Hydrogen is a clean and sustainable energy carrier that supports the large-scale integration of intermittent renewable energy sources, provides renewable fuels for heavy-duty transportation, and enables deep decarbonization of hard-to-abate industrial sectors. Among various water electrolysis technologies, anion-exchange membrane water electrolyzers (AEM-WEs) offer several actual or anticipated advantages. These include the use of non-precious metal electrocatalysts at both electrodes, fluorine-free hydrocarbon-based ionomer membranes, and cost-effective materials for bipolar plates. Unlike proton-exchange membrane water electrolyzers (PEM-WEs), which operate using pure water without added electrolytes, current AEM-WEs require the circulation of a dilute alkaline electrolyte to achieve high energy efficiency and durability.
However, operating AEM-WEs with pure water—i.e., without added alkali—is highly desirable due to multiple factors such as reduced balance-of-plant costs, lower operational expenses, and enhanced system longevity.
The comprehensive review entitled “Anion-Exchange-Membrane Electrolysis with Alkali-Free Water Feed” (doi: 10.1021/acs.chemrev.4c00466) recently published in Chemical Reviews (American Chemical Society, Impact Factor 55.8, 2024 Journal Impact Factor, Journal Citation Reports (Clarivate Analytics, 2025)) aims to establish a fundamental understanding of AEM-WE performance under pure water conditions and explores the potential for using natural water sources such as seawater. In this work the advantages of operating AEM-WEs with pure water are outlined, then the relevant thermodynamic and kinetic processes delved.
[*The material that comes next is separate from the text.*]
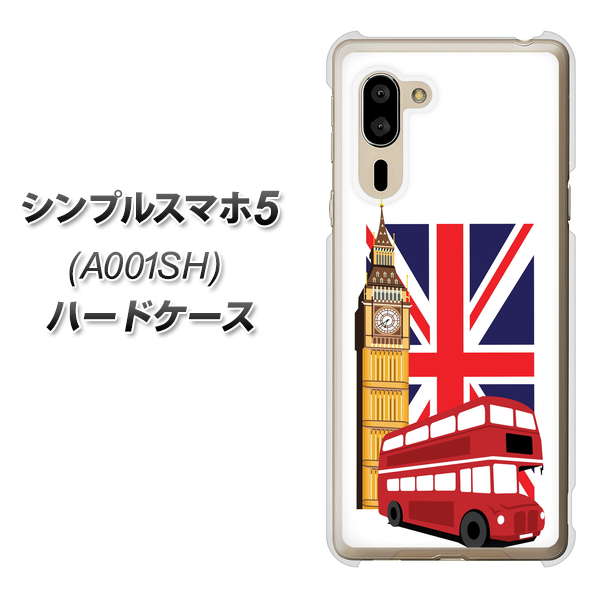 SoftBank シンプルスマホ5 A001SH 高画質仕上げ 背面印刷 ハードケース【573 イギリス】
A comprehensive examination of the system’s components—including membranes, ionomers, electrocatalysts, porous transport layers, bipolar plates, and overall system architecture—is provided, with particular attention to how electrolyte composition and alkali-free feeds impact their performance. Finally, the degradation challenges introduced by pure water operation are discussed and strategies to mitigate these issues are proposed.
This work was carried out by Dr. Mohsin Muhyuddin, Prof. Piercarlo Mustarelli and Prof. Carlo Santoro (Department of Materials Science, University of Milano-Bicocca), Luigi Osmieri (Los Alamos National Laboratory), Valerio C.A. Ficca (ENEA), Ariel Friedman (University of Connecticut), Karam Yassin and Dario Dekel (Technion), Lior Elbaz (Bar Ilan University), Gioele Pagot, Enrico Negro, Vito Di Noto (University of Padua), Anastasiia Konovalova (DTU), Grace Lindquist, Liam T., and Minkyoung Kwak (University of Oregon), Frédéric Jaouen (University of Montpellier), Shannon Boettcher (University of Oregon and University of California Berkeley), Enrico Berretti and Alessandro Lavacchi (CNR-ICCOM, Firenze) and Plamen Atanassov (University of California Irvine).
This publication is licensed under CC-BY 4.0.